3. Aux termes de l'article R. 771-12 du code de justice administrative : " Lorsque, en application du dernier alinéa de l'article 23-2 de l'ordonnance n° 58-1067 du 7 novembre 1958 portant loi organique sur le Conseil constitutionnel, l'une des parties entend contester, à l'appui d'un appel formé contre la décision qui règle tout ou partie du litige, le refus de transmission d'une question prioritaire de constitutionnalité opposé par le premier juge, il lui appartient, à peine d'irrecevabilité, de présenter cette contestation avant l'expiration du délai d'appel dans un mémoire distinct et motivé, accompagné d'une copie de la décision de refus de transmission. La contestation du refus de transmission par la voie du recours incident doit, de même, faire l'objet d'un mémoire distinct et motivé, accompagné d'une copie de la décision de refus de transmission. ". Aux termes de l'article R. 411-1 du même code : " La juridiction est saisie par requête. La requête indique les nom et domicile des parties. Elle contient l'exposé des faits et moyens, ainsi que l'énoncé des conclusions soumises au juge. L'auteur d'une requête ne contenant l'exposé d'aucun moyen ne peut la régulariser par le dépôt d'un mémoire exposant un ou plusieurs moyens que jusqu'à l'expiration du délai de recours. ".

4. Par un mémoire enregistré au greffe de la cour administrative d'appel de Bordeaux le 15 mars 2022, intitulé " Requête introductive d'instance - Impôt sur les sociétés et question prioritaire de constitutionnalité ", la société Les Charpentes Des Antilles a demandé à la cour d'infirmer le jugement n° 2100156 du 20 janvier 2022 en tant qu'il a refusé de transmettre au Conseil d'Etat la question prioritaire de constitutionnalité relative à la constitutionnalité du 3 du VIII de l'article 244 quater W du code général des impôts qui subordonne le crédit d'impôt attaché aux investissements productifs réalisés dans un département d'outre-mer au respect de l'obligation de dépôt par les entreprises de leurs comptes annuels, et de transmettre cette question au Conseil d'Etat. Il est constant que la société n'a pas, par ailleurs, fait appel du jugement du 20 janvier 2022 en tant qu'il a rejeté sa demande de remboursement du crédit d'impôt investissement et il résulte de l'instruction que le mémoire du 15 mars 2022 ne comporte aucun moyen relatif au fond du litige. Dans ces conditions, ledit mémoire est, en application de l'article R. 771-12 du code de justice administrative et dès lors qu'il n'a pas été présenté à l'appui d'un appel formé contre le jugement qui règle le litige au fond, irrecevable en appel. Par suite, la requête de la société Les Charpentes Des Antilles doit être rejetée, y compris les conclusions présentées sur le fondement de l'article L. 761-1 du code de justice administrative.

DECIDE :

Article 1 : La requête de la société Les Charpentes Des Antilles est rejetée.

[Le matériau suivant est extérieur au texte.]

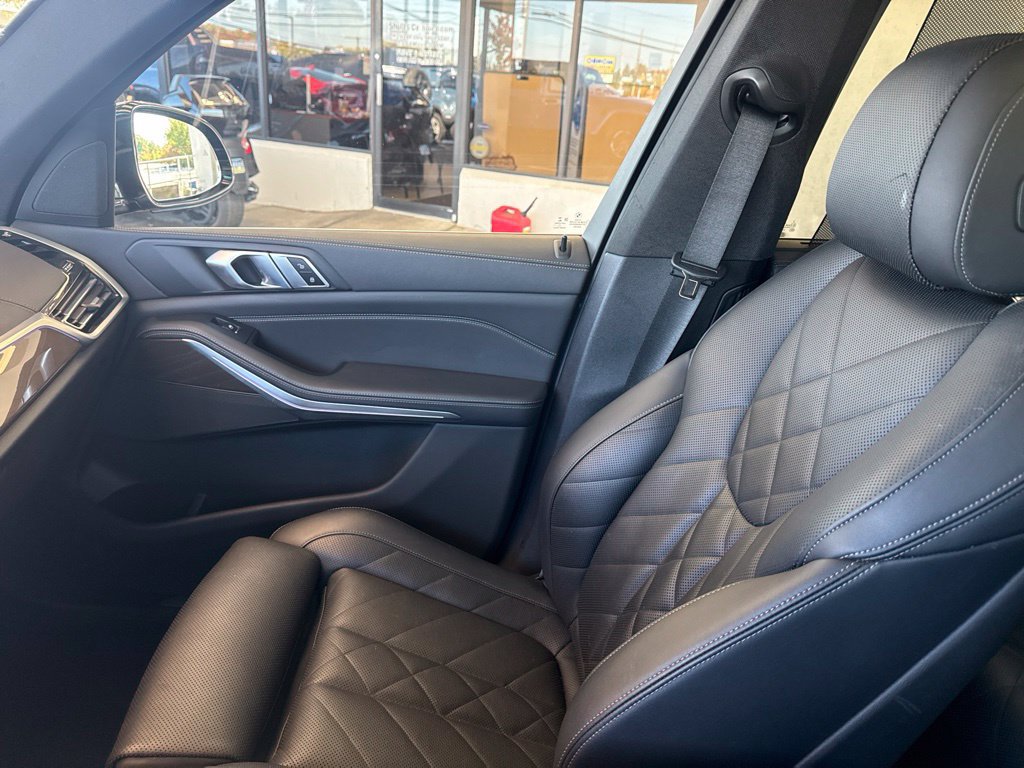 Used 2023 BMW X5 xDrive45e w/ Executive Package AWD/4WD image 28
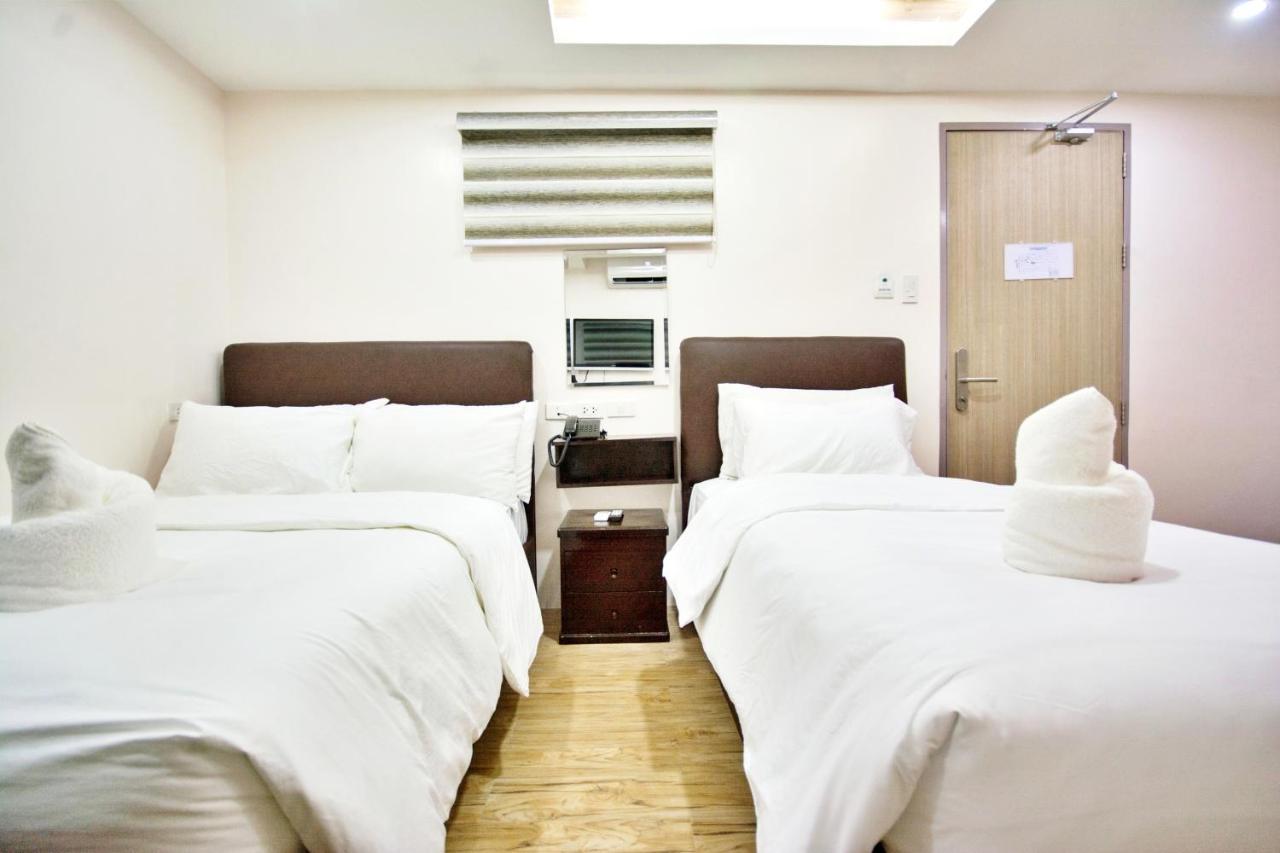 Emerald Island Hotel Balabag  Luaran gambar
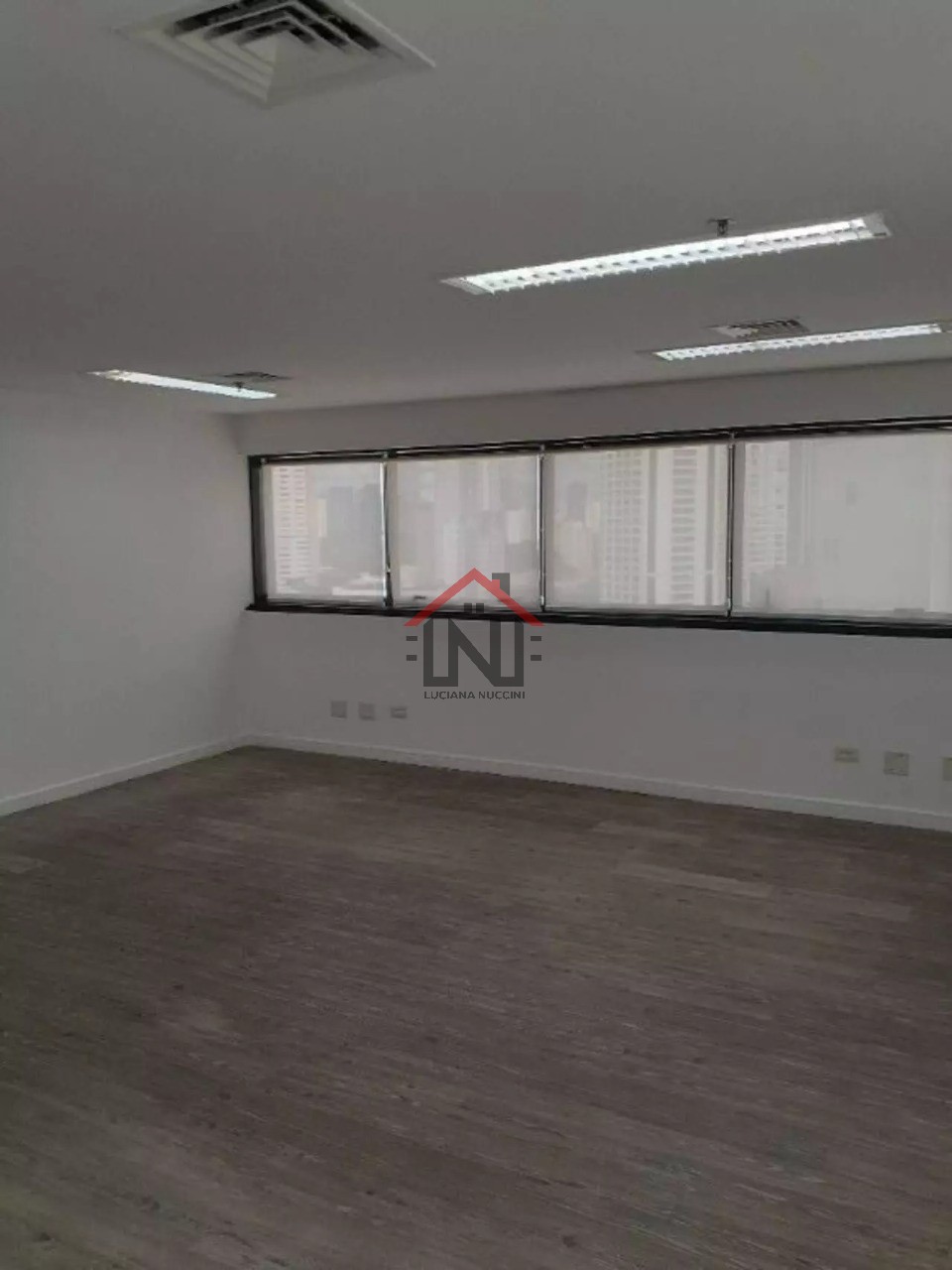 Conjunto Comercial na Vila Olímpia - São Paulo-SP Venda ou Locação 4 banheiros, 2 vagas, 90m²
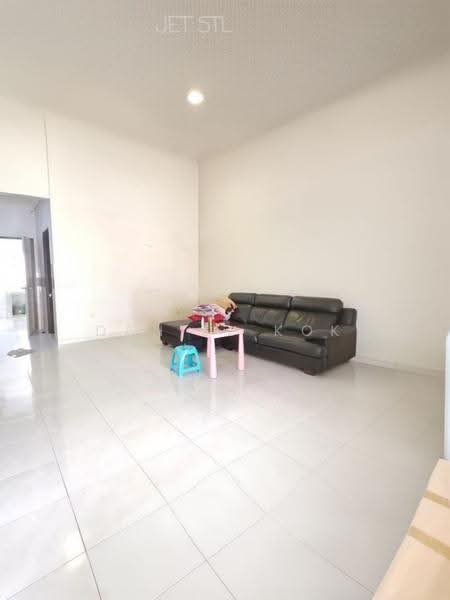 2-storey Terraced House for Sale in Setia Impian (Setia Alam) - Daniel Kok - Living Room - PropertyGuru.com.my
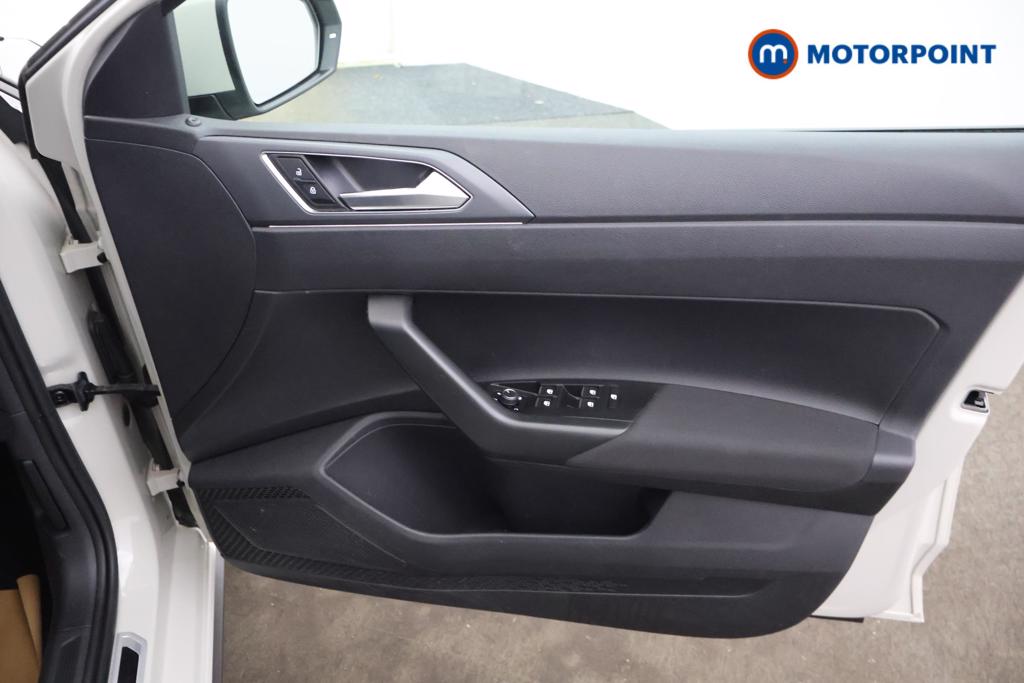 Volkswagen Polo R-Line Manual Petrol Hatchback - Stock Number (1543821) - 7th supplementary image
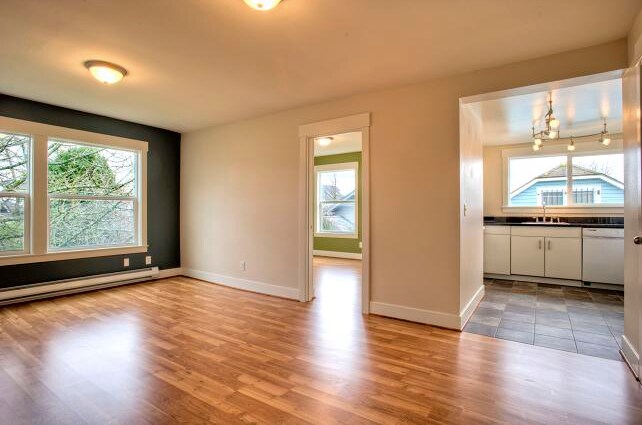 Foto principal - 3208 McClintock Ave S
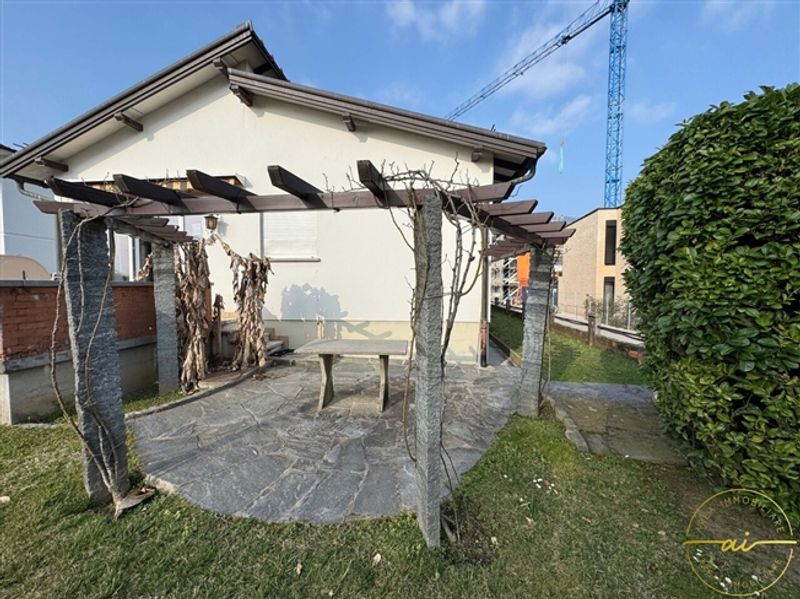 GROSSE 8-ZIMMIGE VILLA MIT PRIVATEM GARTEN IN COLDRERIO - 4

Article 2 : Le présent arrêt sera notifié à la société à responsabilité limitée (SARL) Les Charpentes Des Antilles et au ministre de l'économie, des finances et de la souveraineté industrielle et numérique.

Une copie en sera adressée à la direction de contrôle fiscal du Sud-ouest.

Délibéré après l'audience du 12 mars 2024 à laquelle siégeaient :

Mme Elisabeth Jayat, présidente,

M. Sébastien Ellie, premier conseiller,

Mme Héloïse Pruche-Maurin, première conseillère,

Rendu public par mise à disposition au greffe le 2 avril 2024.

La rapporteure,

Héloïse A

La présidente,

Elisabeth Jayat

La greffière,

Virginie Santana

La République mande et ordonne au ministre de l'économie, des finances et de la souveraineté industrielle et numérique en ce qui le concerne, et à tous commissaires de justice à ce requis, en ce qui concerne les voies de droit commun contre les parties privées, de pourvoir à l'exécution du présent arrêt.